> _WHAT IS NEEDED_: A word-for-word copy of the data, pictures excluded, is what this task asks for.

> _DATA_:

********

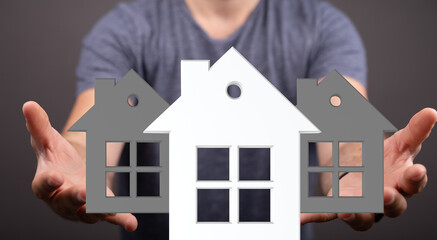 Person presenting three house choices.  Ideal for real estate, home buying, and property investment.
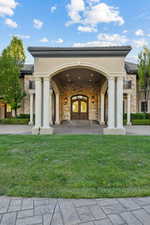 Property entrance with a lawn, stucco siding, and stone siding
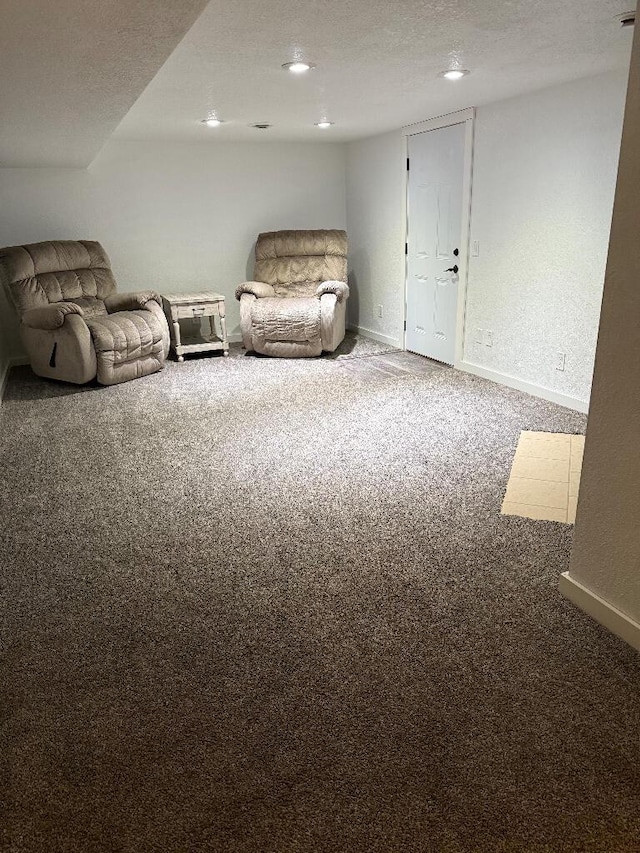 unfurnished room featuring recessed lighting, baseboards, carpet, and a textured ceiling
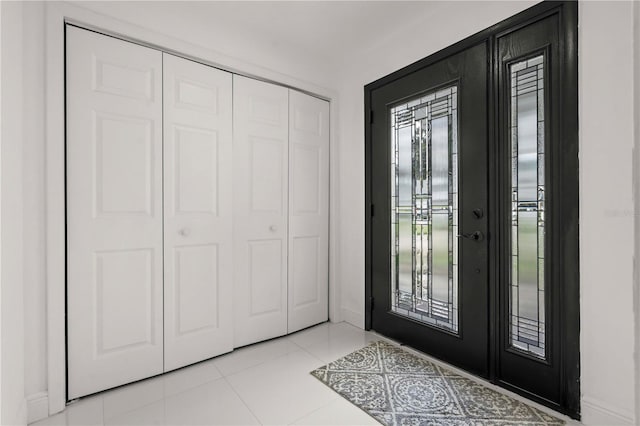 210 Lake Hobbs Rd, Lutz, FL 33548 - entryway with baseboards and light tile patterned floors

********

> _OUTPUT FOR THIS EXERCISE_:
 Person presenting three house choices.  Ideal for real estate, home buying, and property investment.
 Property entrance with a lawn, stucco siding, and stone siding
 unfurnished room featuring recessed lighting, baseboards, carpet, and a textured ceiling
 210 Lake Hobbs Rd, Lutz, FL 33548 - entryway with baseboards and light tile patterned floors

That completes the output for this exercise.